Gromov-Hausdorff Distance and Borsuk Number

TL;DR

This paper explores the relationship between Gromov-Hausdorff distance and the Borsuk number, providing formulas and corollaries that connect metric space partitioning with topological conjectures.

Contribution

It introduces an exact formula for Gromov-Hausdorff distance under specific conditions and links it to the Borsuk Conjecture through new theoretical results.

Findings

Derived an exact Gromov-Hausdorff distance formula for certain metric spaces

Established connections between Borsuk number and Gromov-Hausdorff distance

Obtained corollaries linking Lusternik-Schnirelmann and Borsuk problems

Abstract

The aim of this paper is to demonstrate relations between Gromov-Hausdorff distance properties and the Borsuk Conjecture.

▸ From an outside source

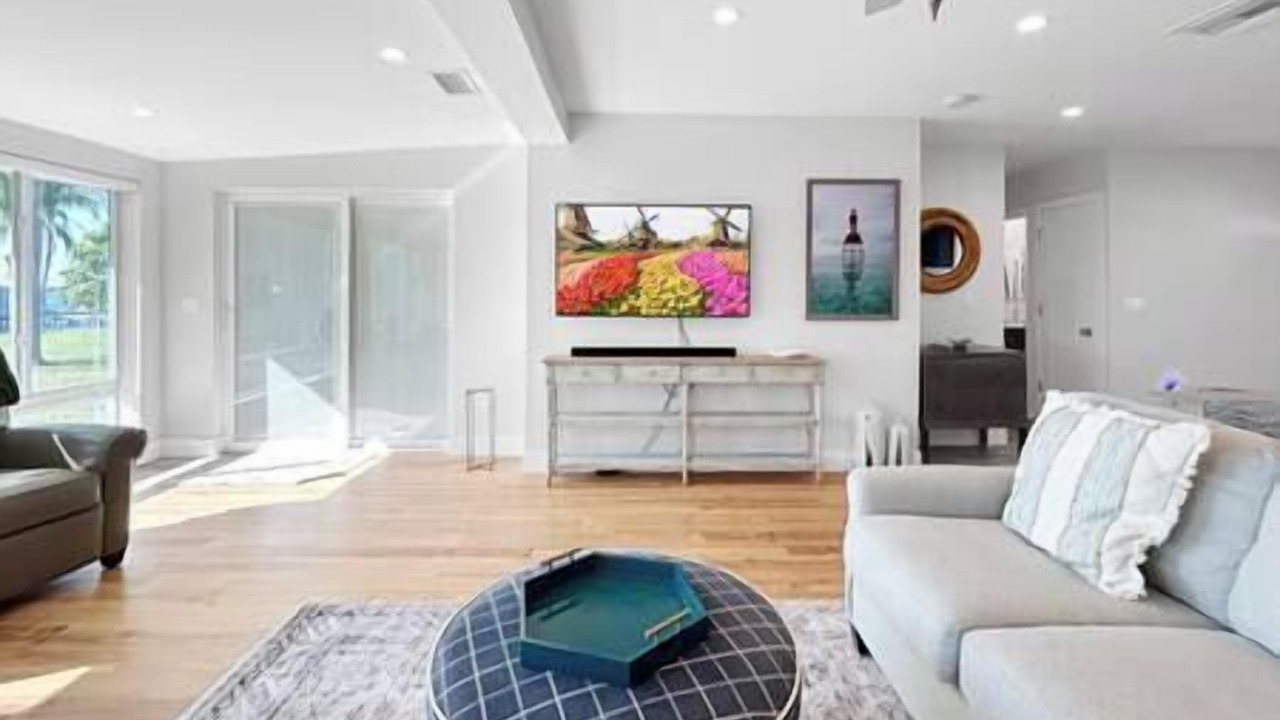 Photo of Livingroom in Sebring Shores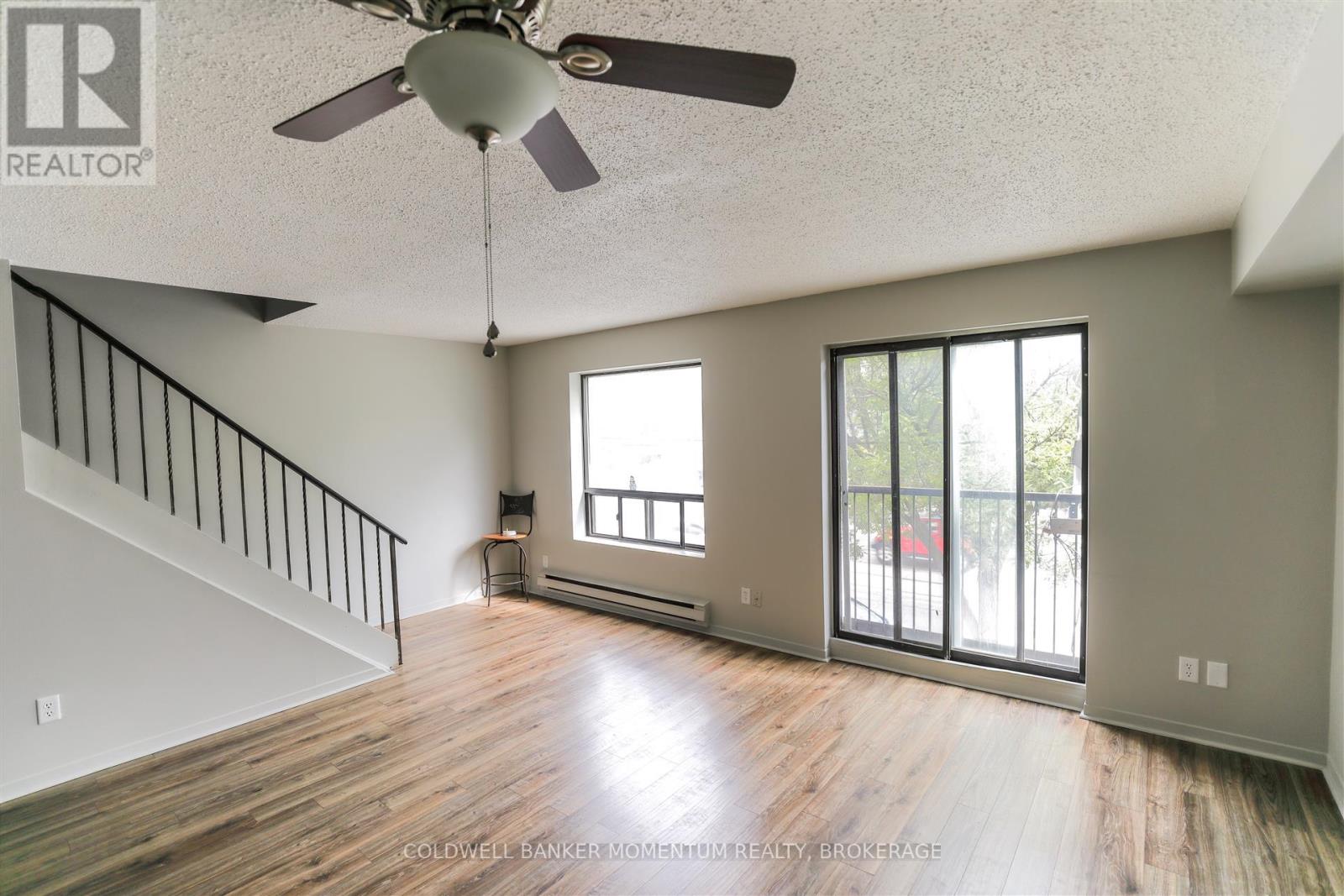Photo 13 of 3352 Lake Shore Boulevard W, Toronto ON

The Borsuk number of a given bounded metric space $X$ is the infimum of cardinal numbers $n$ such that $X$ can be partitioned into $n$ smaller parts (in the sense of diameter). An exact formula for the Gromov-Hausdorff distance between bounded metric spaces is obtained under the assumptions that the diameter and the cardinality of one space is less than the diameter and the Borsuk number of the other one, respectively. Using Bacon equivalence results between Lusternik-Schnirelmann and Borsuk Problems several corollaries are obtained.